Ortega beweert dat de oppositie een van de laatste linkse bastions in Latijns-Amerika wil omverwerpen, met de steun van spelers met imperialistische belangen.
‘Het volk is president’, leest de aankondiging van een nieuw aangelegde weg in de buurt, met stempel van het FSLN. Onder Ortega werd het hele wegennet van Nicaragua aanzienlijk uitgebreid. Ook niet-sandinisten kregen er de indruk van dat het land goed boerde.

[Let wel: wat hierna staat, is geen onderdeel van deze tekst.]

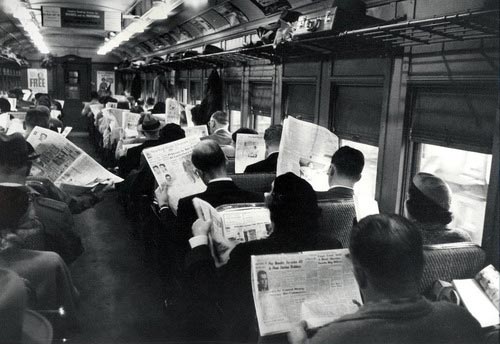 All this technology is making us antisocial: A tram full of people ignoring each other and reading the newspaper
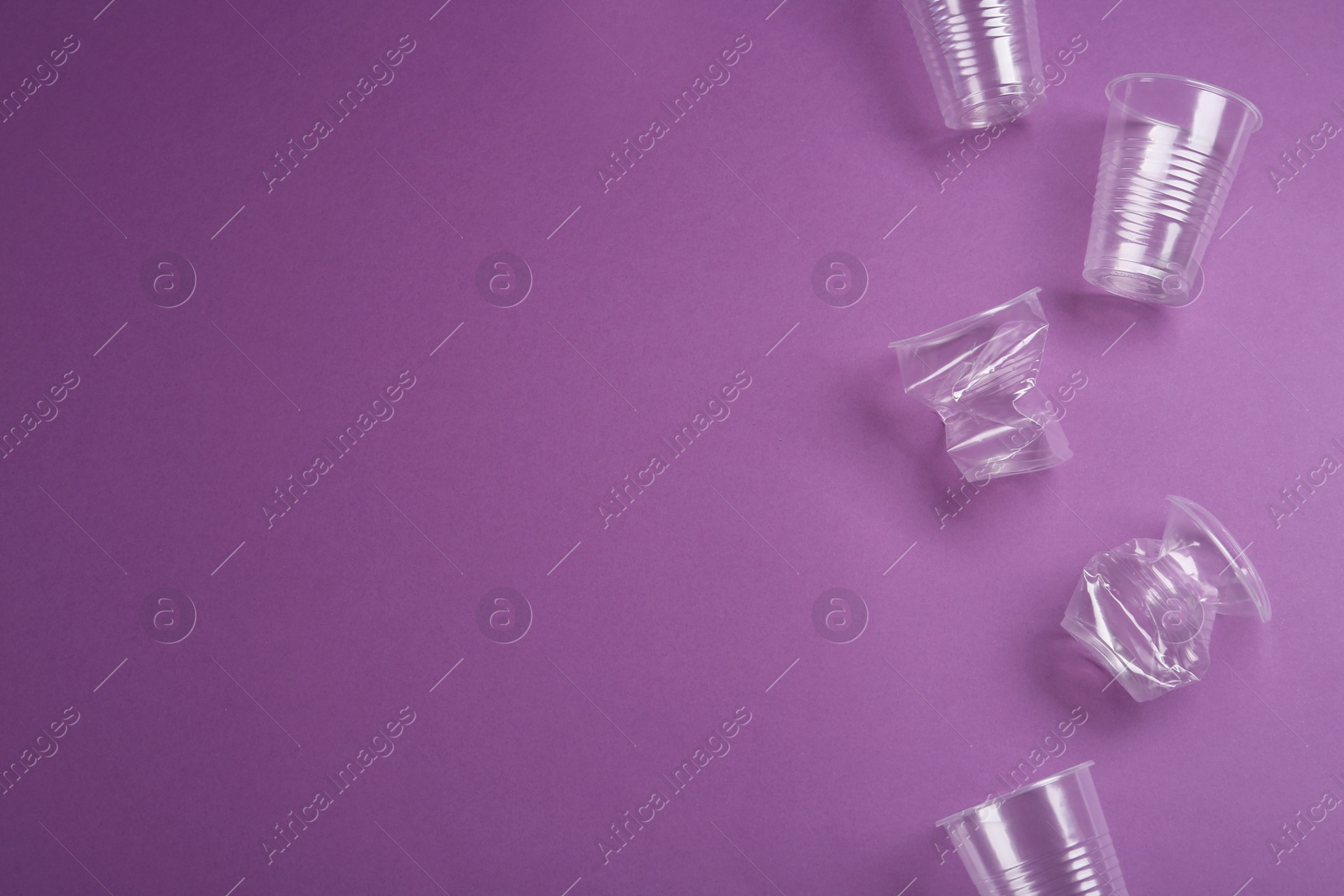 Photo of Plastic cups on purple background, flat lay. Space for text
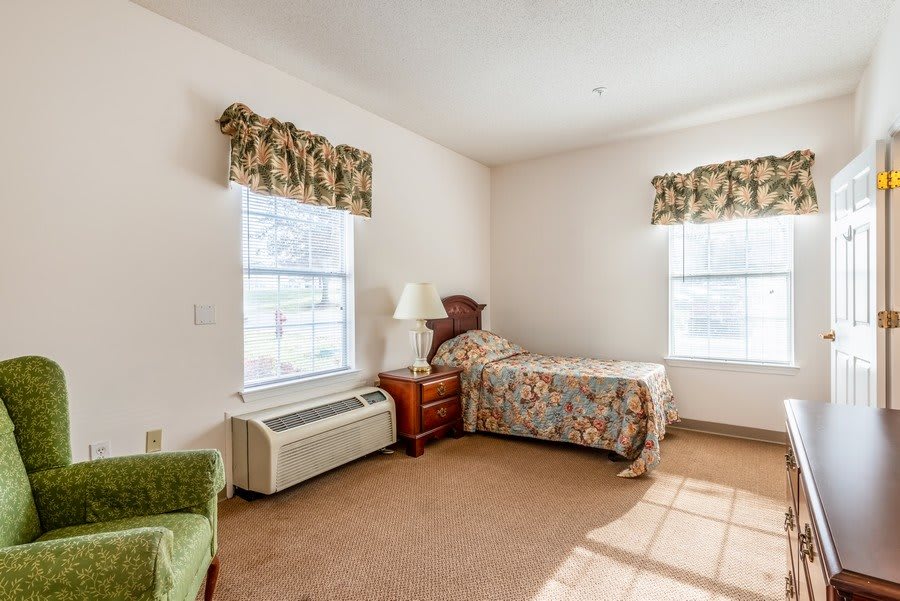 A cozy bedroom featuring a single bed, nightstand with a lamp, windows with floral curtains, and an air conditioning unit.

Het aantal mensen in armoede daalde met vijf procent tussen 2014 en 2016. Maar heel wat Nicaraguanen vrezen vast dat die vooruitgang tenietgedaan wordt als Ortega afgezet wordt.
De president laat geen kans aan zich voorbij gaan om op die angst in te spelen. Oppositieleden worden coupplegers genoemd, die met de steun van spelers met imperialistische belangen een van de laatste linkse bastions in Latijns-Amerika willen omverwerpen.
Ook delen van internationaal links — sympathisanten en zogenaamde alternatieve media — stappen in dat discours mee. Ze zijn zodanig tegen het veronderstelde imperialisme en de interventiezucht van de VS dat ze weigeren om de realiteit in Nicaragua eerlijk onder ogen te zien.
Op veertig jaar hebben de Nicaraguanen wat doorstaan: revolutie en contrarevolutie, een burgeroorlog en buitenlandse agressie. Daarna volgde een transitie naar democratie en opnieuw regressie naar wat dictatuur genoemd wordt. Het land zit gevangen in die tragische geschiedenis.
Wat overblijft van de sandinistische revolutie, is onomkeerbaar vergiftigd door de gebeurtenissen van het voorbije jaar. Nicaraguanen blijven ondertussen achter met de vraag: wat is de remedie?